Not only has there been unprecedented violence at election rallies but the election has become the major focus of public attention. At every street corner, in every work place, on every social occasion, Israelis engage in heated debates on the merits of the two main rivals and in intensive speculation over the outcome of the elections. The general feeling, supported by election polls, is that the smaller parties will be the main losers, with a clear trend of choice between the two big parties.

Peres appeared yesterday jointly with Yitzhak Rabin in the election headquarters of the party in the Deborah hotel in Tel Aviv, with both men calling for unity, in an attempt to repair the image of the continued rivalry between the two. Journalists who attended the event, expected Peres to pull a last minute surprise (“like appointing Rabin as a candidate for Deputy Premier”), but that did not happen.

LIKUD PROMOTES SETTLEMENTS AS VOTING NEARS

The Likud launched an intensive effort to inaugurate new settlements in the West Bank. Two have already been inaugurated, and another two were to be inaugurated tomorrow.

Some 10,000 attended today the laying of the cornerstone in the religious town of “Emmanuel” in Samaria. The town will be populated mainly with Agudat Yisrael people.

In an effort to win back votes from the Likud and the Tehiya, the National Religious Party issued today a political document, which is more hawkish than the party’s previous platform. The NRP calls for moving to act “within the framework of the peace agreement to leave the Jewish settlements in Sinai under Israeli sovereignty.” The settlements are to be evacuated by April, 1982, under the peace agreement. The NRP document also urges the imposition of Israeli law on the Jewish settlements in Judea and Samaria and on Israeli citizens within the area of the proposed autonomy.

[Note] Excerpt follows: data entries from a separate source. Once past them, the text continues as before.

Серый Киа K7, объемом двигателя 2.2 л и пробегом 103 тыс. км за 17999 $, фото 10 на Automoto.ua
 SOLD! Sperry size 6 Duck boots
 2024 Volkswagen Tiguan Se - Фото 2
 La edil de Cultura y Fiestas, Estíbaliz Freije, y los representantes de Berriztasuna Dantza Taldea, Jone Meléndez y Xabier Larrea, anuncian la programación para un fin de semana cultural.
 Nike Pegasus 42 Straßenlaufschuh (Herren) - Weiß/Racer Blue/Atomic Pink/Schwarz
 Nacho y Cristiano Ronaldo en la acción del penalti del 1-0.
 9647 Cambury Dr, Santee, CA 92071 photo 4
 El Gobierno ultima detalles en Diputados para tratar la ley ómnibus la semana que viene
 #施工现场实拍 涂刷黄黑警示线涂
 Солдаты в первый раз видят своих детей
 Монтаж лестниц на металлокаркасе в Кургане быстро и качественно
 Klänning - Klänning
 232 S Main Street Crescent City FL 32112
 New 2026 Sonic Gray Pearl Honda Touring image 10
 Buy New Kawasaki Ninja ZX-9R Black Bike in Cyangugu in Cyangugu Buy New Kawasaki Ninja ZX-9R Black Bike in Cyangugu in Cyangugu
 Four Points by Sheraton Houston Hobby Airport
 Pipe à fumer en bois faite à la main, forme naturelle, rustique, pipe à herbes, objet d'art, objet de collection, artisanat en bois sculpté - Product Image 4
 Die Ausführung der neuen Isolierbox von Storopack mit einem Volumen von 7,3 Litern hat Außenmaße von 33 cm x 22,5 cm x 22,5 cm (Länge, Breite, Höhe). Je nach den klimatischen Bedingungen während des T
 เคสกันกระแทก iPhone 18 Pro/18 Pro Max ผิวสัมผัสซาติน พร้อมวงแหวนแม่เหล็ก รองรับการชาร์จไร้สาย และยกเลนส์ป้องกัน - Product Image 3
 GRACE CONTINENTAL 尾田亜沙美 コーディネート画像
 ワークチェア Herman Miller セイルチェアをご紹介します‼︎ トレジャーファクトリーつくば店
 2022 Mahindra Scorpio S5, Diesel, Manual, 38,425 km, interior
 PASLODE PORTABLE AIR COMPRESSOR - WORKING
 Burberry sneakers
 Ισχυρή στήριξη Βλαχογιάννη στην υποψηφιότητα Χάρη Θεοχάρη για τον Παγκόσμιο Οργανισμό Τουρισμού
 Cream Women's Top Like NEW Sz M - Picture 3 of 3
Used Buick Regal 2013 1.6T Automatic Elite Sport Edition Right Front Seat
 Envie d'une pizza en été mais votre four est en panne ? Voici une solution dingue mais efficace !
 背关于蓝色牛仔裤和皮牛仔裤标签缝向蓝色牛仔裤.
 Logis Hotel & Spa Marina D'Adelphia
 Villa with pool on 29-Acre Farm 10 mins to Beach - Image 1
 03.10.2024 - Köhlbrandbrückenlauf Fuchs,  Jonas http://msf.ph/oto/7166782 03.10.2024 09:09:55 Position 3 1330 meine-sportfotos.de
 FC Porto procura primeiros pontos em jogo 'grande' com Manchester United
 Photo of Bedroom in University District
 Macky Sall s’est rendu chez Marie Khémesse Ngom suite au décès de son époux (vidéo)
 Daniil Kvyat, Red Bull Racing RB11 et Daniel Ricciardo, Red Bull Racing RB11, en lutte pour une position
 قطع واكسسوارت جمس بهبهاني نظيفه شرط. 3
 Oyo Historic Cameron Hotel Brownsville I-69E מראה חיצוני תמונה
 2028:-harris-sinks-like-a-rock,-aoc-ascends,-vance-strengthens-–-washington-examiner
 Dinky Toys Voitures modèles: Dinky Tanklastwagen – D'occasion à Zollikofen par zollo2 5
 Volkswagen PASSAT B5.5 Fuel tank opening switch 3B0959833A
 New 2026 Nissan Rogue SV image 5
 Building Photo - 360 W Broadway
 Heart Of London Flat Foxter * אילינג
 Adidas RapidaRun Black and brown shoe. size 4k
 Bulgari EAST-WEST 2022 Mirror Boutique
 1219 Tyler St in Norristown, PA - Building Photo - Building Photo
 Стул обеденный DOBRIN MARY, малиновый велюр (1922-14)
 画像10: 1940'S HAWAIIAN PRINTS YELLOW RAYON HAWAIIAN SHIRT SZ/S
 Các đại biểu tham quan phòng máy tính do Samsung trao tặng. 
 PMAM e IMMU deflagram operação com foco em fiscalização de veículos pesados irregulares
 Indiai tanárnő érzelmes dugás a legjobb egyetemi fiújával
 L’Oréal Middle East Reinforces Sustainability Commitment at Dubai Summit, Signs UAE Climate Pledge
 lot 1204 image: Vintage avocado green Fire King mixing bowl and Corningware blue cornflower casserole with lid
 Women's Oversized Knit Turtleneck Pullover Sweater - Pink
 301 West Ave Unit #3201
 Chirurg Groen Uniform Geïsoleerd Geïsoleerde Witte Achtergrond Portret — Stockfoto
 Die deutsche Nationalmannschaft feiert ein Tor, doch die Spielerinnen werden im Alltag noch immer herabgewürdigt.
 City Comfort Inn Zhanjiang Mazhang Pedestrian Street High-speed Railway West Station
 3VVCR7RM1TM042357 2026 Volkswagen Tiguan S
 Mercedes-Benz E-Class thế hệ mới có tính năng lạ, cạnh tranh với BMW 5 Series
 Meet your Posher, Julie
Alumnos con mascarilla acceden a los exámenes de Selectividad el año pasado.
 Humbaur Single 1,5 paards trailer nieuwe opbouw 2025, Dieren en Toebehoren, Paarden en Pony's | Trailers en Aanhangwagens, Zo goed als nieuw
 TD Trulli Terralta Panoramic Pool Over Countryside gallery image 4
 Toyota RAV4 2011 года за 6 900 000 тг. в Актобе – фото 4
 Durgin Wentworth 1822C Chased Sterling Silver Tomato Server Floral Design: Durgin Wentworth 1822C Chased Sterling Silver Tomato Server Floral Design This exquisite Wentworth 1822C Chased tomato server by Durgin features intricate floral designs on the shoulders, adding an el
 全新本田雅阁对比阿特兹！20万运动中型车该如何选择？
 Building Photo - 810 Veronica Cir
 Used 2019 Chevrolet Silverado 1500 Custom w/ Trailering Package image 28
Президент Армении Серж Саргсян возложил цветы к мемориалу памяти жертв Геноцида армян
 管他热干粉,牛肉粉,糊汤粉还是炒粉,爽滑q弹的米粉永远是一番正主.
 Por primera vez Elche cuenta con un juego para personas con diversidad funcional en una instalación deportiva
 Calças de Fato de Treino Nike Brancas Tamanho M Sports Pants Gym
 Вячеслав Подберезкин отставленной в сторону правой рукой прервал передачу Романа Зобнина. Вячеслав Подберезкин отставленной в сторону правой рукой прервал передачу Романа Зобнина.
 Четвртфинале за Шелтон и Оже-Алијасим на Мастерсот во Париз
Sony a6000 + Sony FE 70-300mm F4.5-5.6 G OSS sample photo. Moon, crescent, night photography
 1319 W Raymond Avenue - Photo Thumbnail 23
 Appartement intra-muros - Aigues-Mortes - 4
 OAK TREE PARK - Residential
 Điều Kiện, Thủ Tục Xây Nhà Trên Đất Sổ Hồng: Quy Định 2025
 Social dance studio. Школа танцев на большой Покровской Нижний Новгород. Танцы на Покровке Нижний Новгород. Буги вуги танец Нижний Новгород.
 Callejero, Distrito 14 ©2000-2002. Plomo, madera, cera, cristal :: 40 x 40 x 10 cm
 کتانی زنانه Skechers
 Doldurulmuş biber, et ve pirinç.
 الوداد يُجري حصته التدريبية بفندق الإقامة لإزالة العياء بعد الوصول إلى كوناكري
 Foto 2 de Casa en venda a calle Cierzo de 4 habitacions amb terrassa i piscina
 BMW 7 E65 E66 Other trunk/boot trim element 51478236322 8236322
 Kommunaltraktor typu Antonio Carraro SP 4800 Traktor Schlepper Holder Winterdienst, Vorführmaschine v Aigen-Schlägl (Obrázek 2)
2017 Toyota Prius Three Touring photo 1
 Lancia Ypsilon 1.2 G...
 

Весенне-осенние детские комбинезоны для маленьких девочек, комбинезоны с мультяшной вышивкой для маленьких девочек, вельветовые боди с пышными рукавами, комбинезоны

PARTIES POLISH ELECTION MACHINERY

The parties made special efforts, as the week drew to its end, to create efficient machinery on election day, to make sure that supporting voters would come and vote. The Labor Alignment was expected to activate some 700,000 workers on election day, mostly volunteers from the Kibbutzim and Moshavim, as well as hundreds of vehicles which would transport voters. The Likud election machinery is more modest, with approximately 45,000 workers on election day. Israel police launched operation “Mo’ed 81,” an unprecedented deployment of policemen throughout the country, to ensure trouble free elections. (Mo’ed is Hebrew for ‘time’.) There will be no leaves, and some 6,000 civil defense soldiers were recruited for reserve duty on election day, to assist the police. A force of 18,000 men altogether will supervise the elections.